GSoC/GCI Archive
Google Summer of Code 2010

NESCent - National Evolutionary Synthesis Center

Web Page: http://hackathon.nescent.org/Phyloinformatics_Summer_of_Code_2010

Mailing List:

NESCent facilitates synthetic research on grand challenge questions in evolutionary biology and also works to address critical needs in software infrastructure and education through promoting open, collaborative development of interoperable and standards-supporting open-source software. The Center is located in Durham, North Carolina, is jointly operated by Duke University, the University of North Carolina at Chapel Hill, and North Carolina State University, and receives its core funding from the National Science Foundation (NSF). NESCent has so far run four collaborative software source code and vocabulary development sprints aimed at improving interoperability in phyloinformatics, engaging developers of scientific software tools, integration among online data resources, and sustaining the development of shared vocabularies. These events, and our past Summer of Code participations, continue to have significant and lasting impacts on the landscape of collaborative software development in our field. The Center is committed to FLOSS and sharing of scientific data (see for example the NESCent Data and Software Policy at http://www.nescent.org/informatics/data_software_policy.php); all software products of the Center are released as open source and established as collaborative projects on sites such as SourceForge, Google Code, and GitHub. Members of the Center's Informatics team are lead developers in several open-source projects, and one of our organization administrators has been active for seven years on the Board of the Open Bioinformatics Foundation (http://www.open-bio.org/), the umbrella organization for the Bio* projects.

Projects

  • Ancestral State Reconstruction in R The goal of this project is the integration of important phylogenetic tools for ancestral state reconstruction and rate testing into a commonly used scripting environment (R). R is an ideal place to port the functions contained in Brownie due to it's robust linkage to C/C++ (innately and through external packages) and because of it's potential to act as a staging area for all steps in phylogenetic data analysis, from reading in genetic data to running analyses to plotting the results.
  • Develop an API for NeXML I/O, and, RDF triples for BioRuby NeXML, is a data exchange format for phylogenetics, developed to overcome the problems posed by the existing formats. RDF is a data model used to represent metadata. NeXML by design supports the concept of RDF triples.
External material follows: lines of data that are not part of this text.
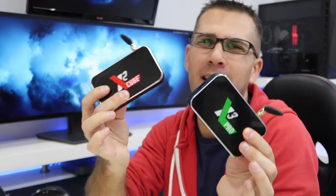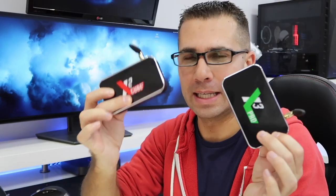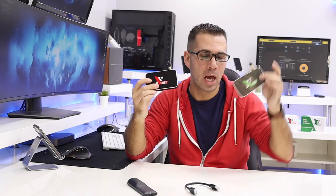Hey guys, we are back with another video and I hope you are all okay on that side of the screen. Today I want to share with you my opinion regarding the tests that I've been doing with the X2 and X3 family Android TV boxes from Ugoos.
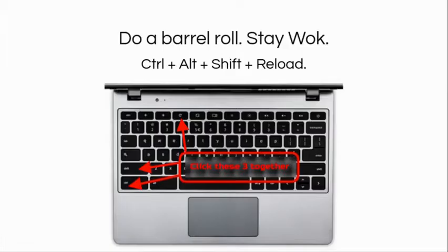The last tip is to show off your awesome keyboard shortcut skills. If you hit Control+Alt+Shift and the Reload button, you can do a barrel roll with your screen.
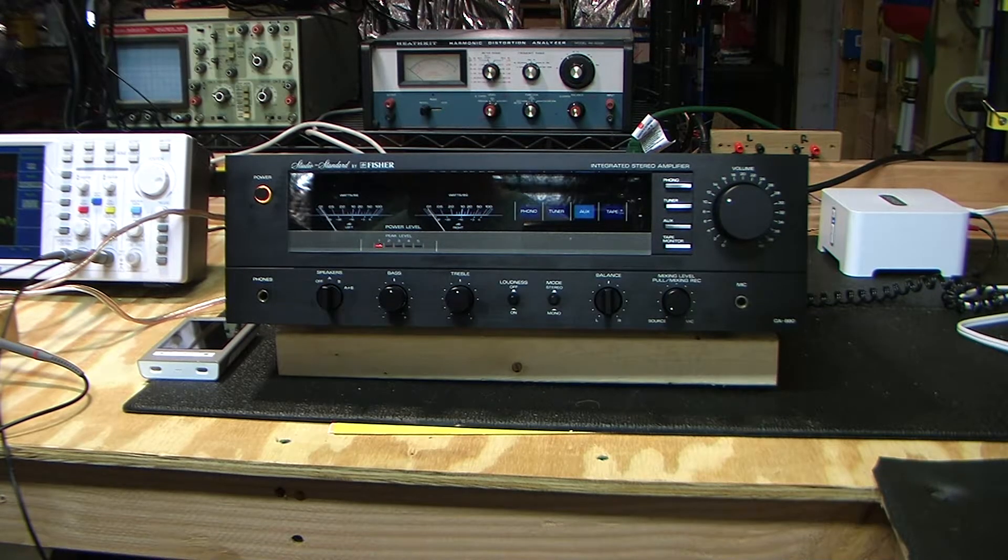I'm back with another video regarding the Fischer CA-880 integrated amplifier. I had previously made a series of four videos that were really quite unintended. I had purchased this amplifier along with its matching tuner and cassette deck from eBay, and the seller alleged that everything was in working order. When I unboxed the amplifier, it looked nice, but it had a problem in that one channel was intermittent — it would go from not working at all to working with distortion.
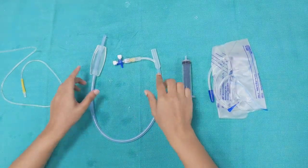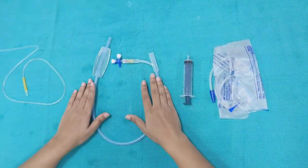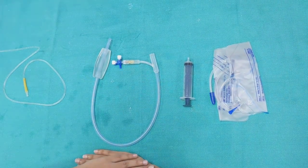The handling of Bakri balloon and various other devices has to be done under sterile conditions. This video has been made only for demo purposes.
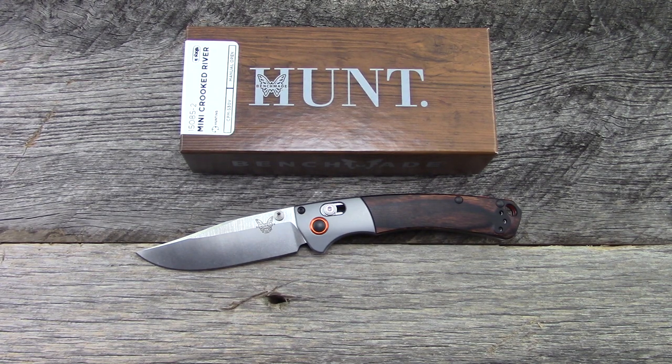Hey everyone, as always, thanks for tuning in. We're going to take a look at the Benchmade Mini Crooked River in this video. And man, this knife has caused quite a bit of excitement.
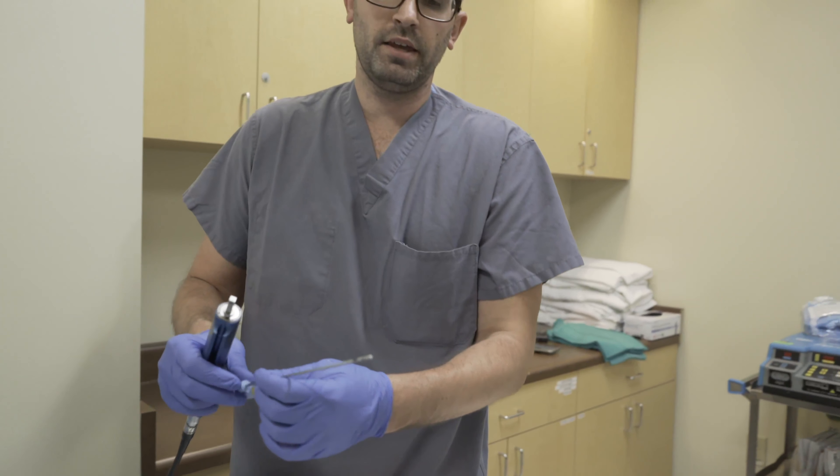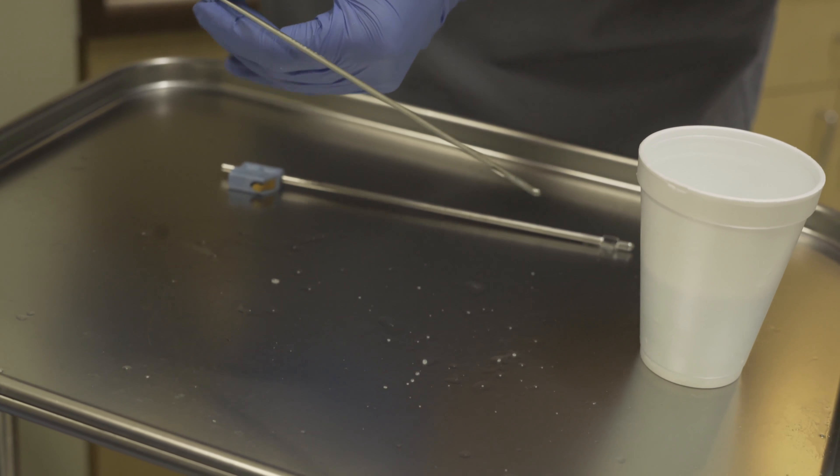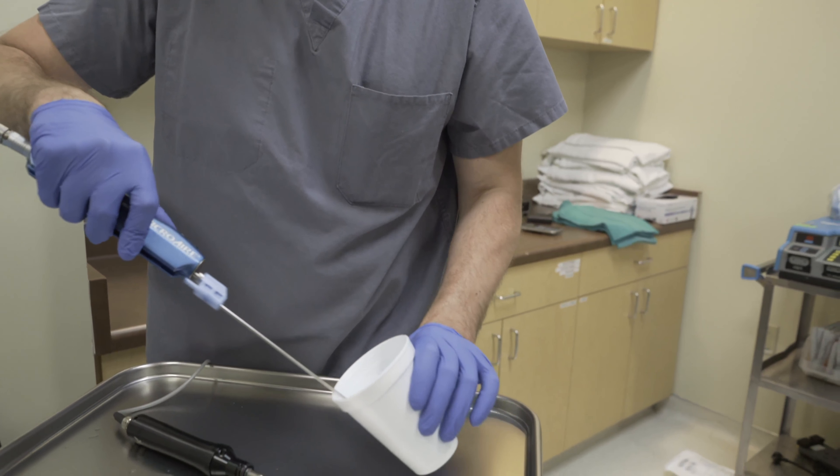Next we come through with the actual suction cannula. So we've gone through tumescent injection, ultrasound to break it up, a basket cannula to break it up, and now we're finally going to get in and start sucking this out. We put it on vibrate — so fast you can barely see it move — and then we put it in to actually suck that fat out.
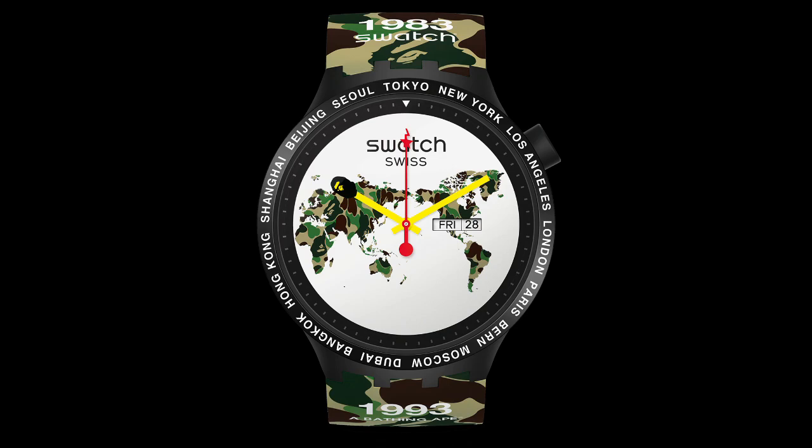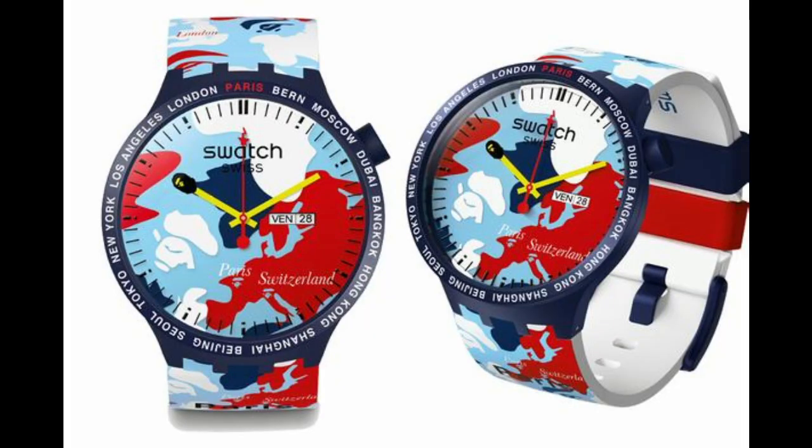All six versions are limited to 1,993 pieces — 1993 was the year Bathing Ape was formally founded. So if you own one, there are only 1,992 other people who could possibly have the same one on their wrist. The official release date was June 15th, so by the time this video is out these watches have probably already been released, if not sold out. It's a very cool collaboration between these two companies.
The goal of the project is to: 1. Implement a NeXML parser/serialzer in BioRuby. 2. Develop an API to express RDF triples in BioRuby.
  • Extending Jalview Capabilities to Support RNA Sequence Alignment Annotation and Secondary Structure Visualization The overall goal of this project is to extend many of the useful features Jalview has for protein sequence alignments to support RNA sequence analysis. By adding more parsing and analysis of the information in Stockholm files, I can add support for RNA secondary structure alignment annotation, such as coloring schemes. Other features, such as an embedded RNA secondary structure viewer and the ability to import existing RNA sequences and alignments from the Rfam database will also be added.
  • Galaxy phylogenetics pipeline development Galaxy is a popular web based interface for integrating biological tools and analysis pipelines. HyPhy provides a popular package for molecular evolution and sequence statistical analysis. Integrating those tools will make Galaxy even more powerful and useful. Hence probably increase its popularity. The goal of this project is to integrate the relevant tools into Galaxy. Functional tests will be developed for tools and workflows, along with high level documentation for end users.
  • Georeferencing Library Implemented in Java The goal of this project is to create a georeferencing library for parsing and displaying geographical and phylogenetic information. The main aim of the project is to bring together geographical and phylogenetic information in a way that is usable and useful to the user. Given an input of a tree file and geographical information the library will return a tree with phylogenetic and geographical information in a format such as KML or shapefile or a georeferenced phylogenetic format such as neXML.